For annotation F, let's dissect this a little more. “Year: 1992” is the specific year within one of those 30 year windows that you’re hovering over. “Cycle Start Year: 1982” means that this 30 year section of data was 1982 through 2012. And, lastly “Portfolio: $2,543,937” means exactly what you think it might, that your portfolio would have been exactly that in real dollars.

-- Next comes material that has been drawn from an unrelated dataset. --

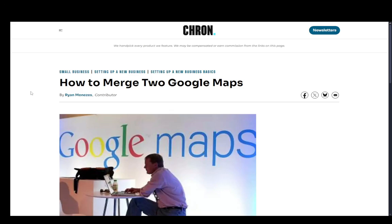Hey everybody, welcome to another tutorial video. In this video I'll be explaining how you can merge two Google Maps locations. I'm using a guide for convenience sake, so I hope you guys understand. Without further ado, let me explain the steps you need to take to merge two Google Maps.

All of these same things applies for both of the charts shown. The chart on the left is the "Portfolio" chart, showing the value of your simulated portfolio over time. And the chart on the right shows your "Spending" over the course of the simulation. For this example, I am showing the default scenario, which is $40,000 per year spending, always adjusted for inflation. This is why the Spending chart remains a flat line (or a bunch of flat lines on top of each other). They're all $40,000. When we go over variable spending plans, this chart will change dramatically.

Success Rate

The most basic, and arguably the most important statistic, is the “Success Rate”. In cFIREsim, “success” is defined as your portfolio never reaching $0 in the time span that you provided on the form. In the case of the above chart, you can see “Success Rate: 96.67% - Failed 4 of 119 total cycles”. Out of ALL of the 30 year time chunks from 1871 to present, 4 of those chunks would have occurred in a period of stock market change and inflation that would have resulted in your portfolio running out! In later blog posts, we’ll talk a great deal about the “success” metric and how your personal risk profile matters to these calculations. But for now, let’s talk about the other items in this chart.

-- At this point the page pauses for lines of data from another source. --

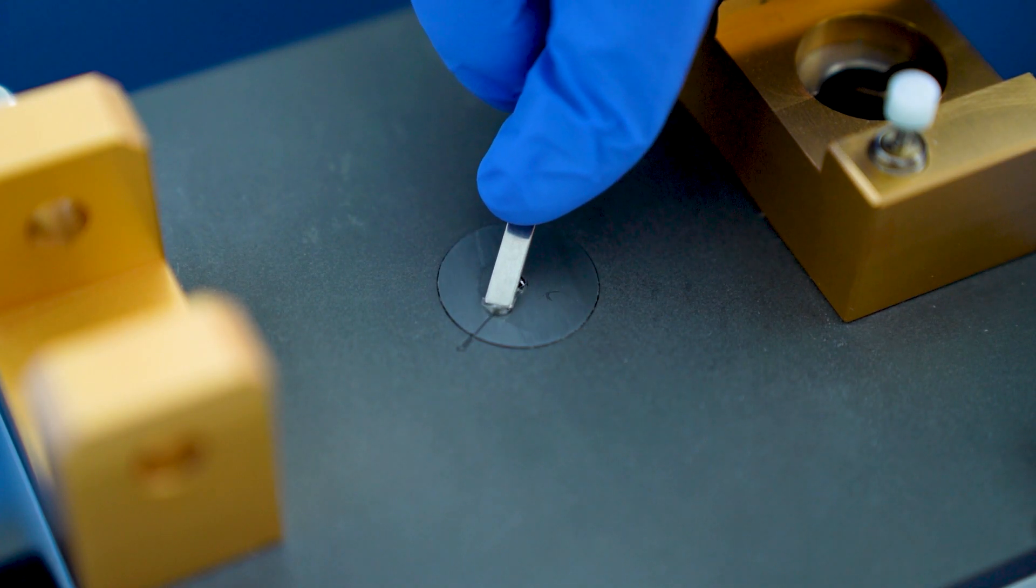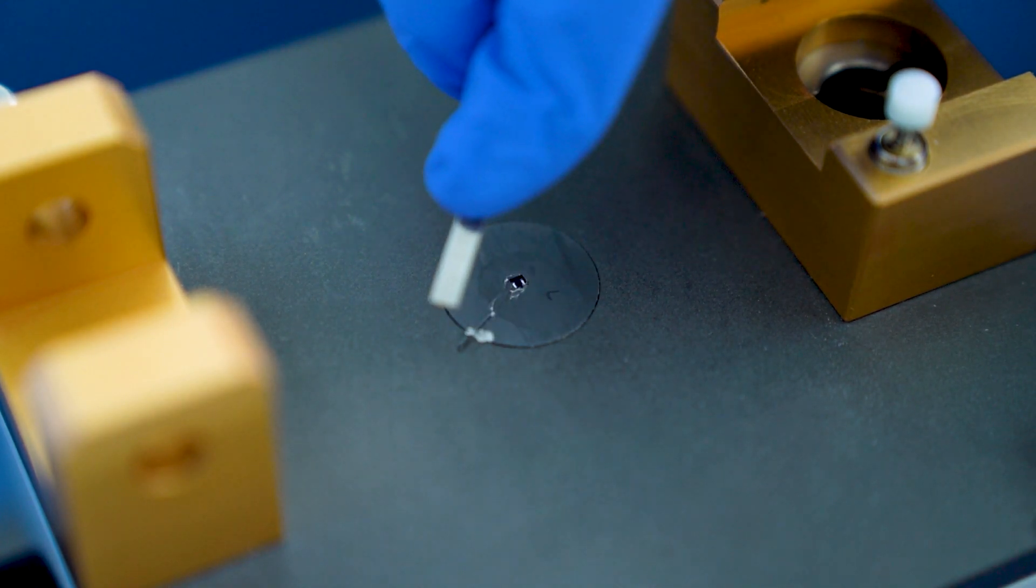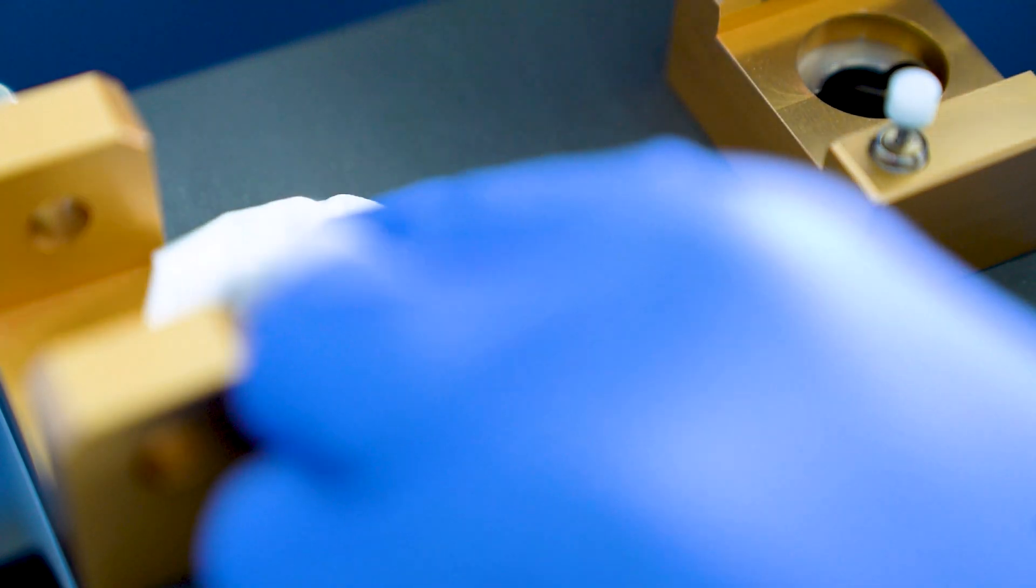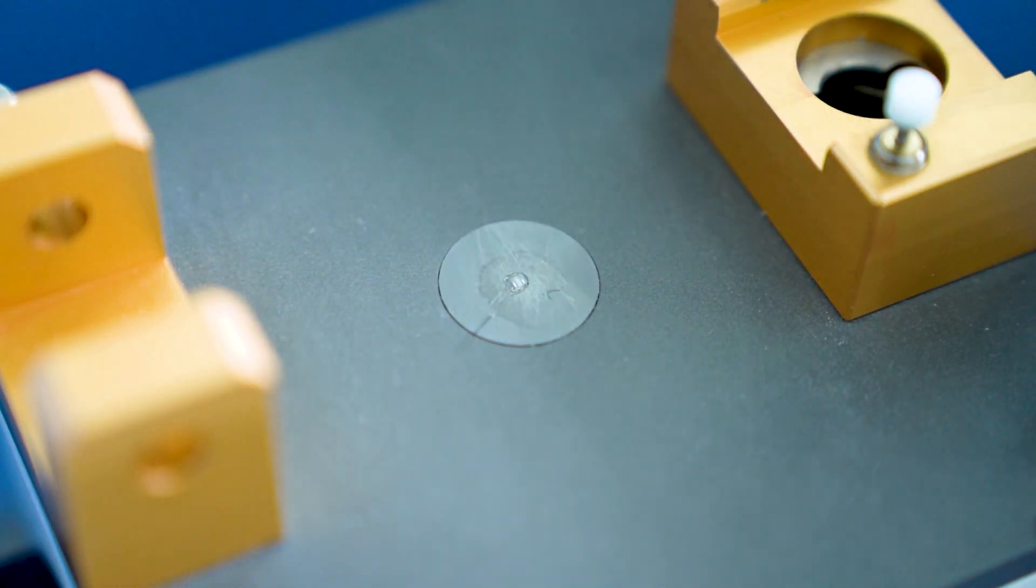After our experiment, we simply peel off the adhesive, remove residues with a bit of acetone, and are ready for the next one.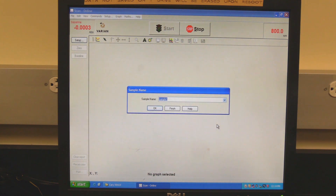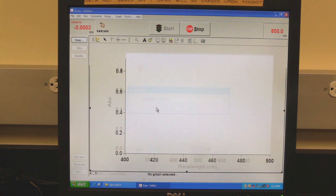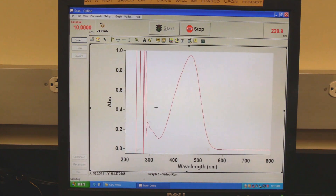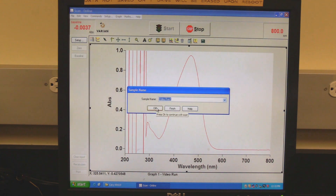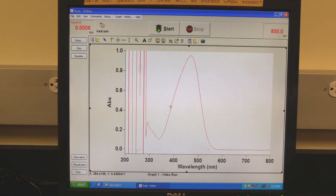The software will prompt for the sample name. Click OK to start the measurement. Wait for the measurement to finish. The spectrum will appear. The software will prompt for the next sample name. If measuring another sample, click on OK. If finished measuring samples, click on finish.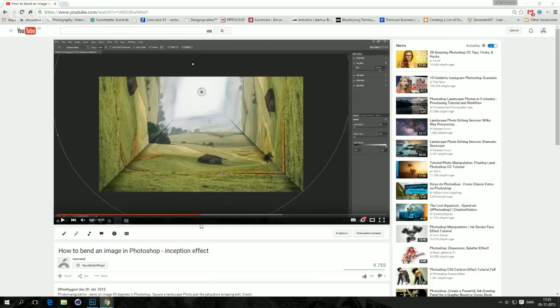Hi Photoshoppers! I just want to play around with the live settings on YouTube and see how it works. And while I'm doing that I thought I would share a good tip with you.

The “Average Portfolio at Retirement” is fairly self explanatory. On your retirement date, how much money did you have in your portfolio? Because we’re looking at the default scenario (which is retiring in the current year, with a $1,000,000 portfolio and $40,000 per year spending), we see that out of the 119 cycles, we always have $1,000,000 in our portfolio. This number will change if we set our retirement date in the future, because cFIREsim will be calculating all of the potential market gains/losses that portfolio might have between now and that future date.

Below the “Success Rate” and the “Average Portfolio at Retirement” row, we have an even bigger chart. This chart takes ALL of the portfolio and withdrawal information for all 119 cycles, and tells us the average, the median, the standard deviation, the lowest and the highest values. For the sake of keeping to “The Basics”, I will talk about the first row which talks about the averages. The first row, first column, is the “Average Ending Portfolio”. This takes all 119 cycles and averages out what the portfolio value would be after all 30 years have passed, in real dollars (insert link of definition of real vs nominal). In the next column, we have the “Average Yearly Withdrawals”. This is a pretty straight-forward number, because we chose $40,000 spending and made sure that the spending value never changed. The next column should be also just as straight-forward. The “Average Total Withdrawals” tells us the average of how much money was “spent” over the course of the entire 30 years of the simulation. Because we chose an unwavering $40,000 spend over 30 years: $40,000 x 30 = $1,200,000. In future posts, we’ll talk about spending plans that vary over time, which can greatly affect this number.